The arcade-centered restaurant requires customers under the age of 18 to be accompanied by an adult over the age of 25, with up to six youths allowed per “guardian,” the company said.
D&B’s after-hours customers would use an express elevator to transport them from the mall’s rear entrance to the fourth floor, Water Tower manager Mitch Feldman said. “People are going to leave Water Tower Place in a safe and orderly fashion.”
But the presentation team hit a brick wall with an early effort to draw parallels with Harry Caray’s, which uses a late-night elevator to operate its restaurant with liquor service in the mall as late as 9 p.m.
“Do not bring Harry Caray’s into this debate,” a representative of Caray’s interjected from the audience. “Do not invite me into this. You won’t like it.”
For nearly 45-minutes, Powell and D&B reps were verbally assailed by members of the standing-room-only crowd.
“Your Clark Street location is a disaster,” said the first audience member chosen to speak. She had recently passed by the company’s location of the past 22-years to see a woman bent over outside “vomiting as someone held her hair back.”
“My children in their 20’s and 30s,” went to the Clark Street location, the audience member said. “They say there is gang activity and they don’t feel safe.”
Powell countered that the company has a clean track record. He has never had to appear in court or before city regulators on behalf of D&B, he said.
Another inquiry from the audience revealed that the sprawling Water Tower footprint will have a maximum occupancy of 1,500 people and an expected average tab of $27 per person, discoveries that left some in the audience shaking their heads.
“$27? That’s nothing on Michigan Avenue.”
“How is this consistent with the image [of Water Tower Place]? Or is this an attempt to downgrade?” another spectator asked to light applause.
“1000 to 1,500 military-age males spilling on the streets. It has become thugland!”
“I’m not concerned about security in your mall. I’m concerned about people on my corner at 2 a.m. after drinking—drunk and semi-drunk.”
Asked for the companies’ plan for security outside the mall, Powell stated: “we are not in a position to be law enforcement.” But that was not the answer many in the audience were looking for.
“That’s a failure on your part,” said one. “Water Tower has been the focal point for a lot of unrest,” said another.
“We make the [Museum of Contemporary Art] stop playing music at 9 p.m.” yet the proposal is for D&B to operate until 2 a.m.?
Mall rep Feldman interjected that there are things that can be done outside the mall, including calling Ubers for people who need them. “We will have a plan to ensure people leave in an orderly fashion.”
Powell then walked back his statement that the company was “not in a position to be law enforcement,” saying that he may have been thinking more about the legal aspects of off-property efforts.
Later, a resident wondered if there would be more concepts like D&B moving into the mall space that has traditionally been filled with retailers. “Is this the first of many Dave & Buster’s for Water Tower Place?”

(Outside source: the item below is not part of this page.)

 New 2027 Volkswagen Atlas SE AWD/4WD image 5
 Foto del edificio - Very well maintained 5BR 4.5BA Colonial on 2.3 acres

The response—that the mall is looking to diversify its tenant portfolio with “vibrancy and relevancy” in changing times—failed to reassure the revved-up audience members.
Hopkins, the alderman, closed the meeting with a promise to have the local police commander create a “public safety impact analysis” of the D&B proposal. There will be much more to come, he said, again promising that the city process will not be made easier or circumvented because the Water Tower lease has already been signed.
Barring complications, D&B hopes to open its Water Tower location in late 2020.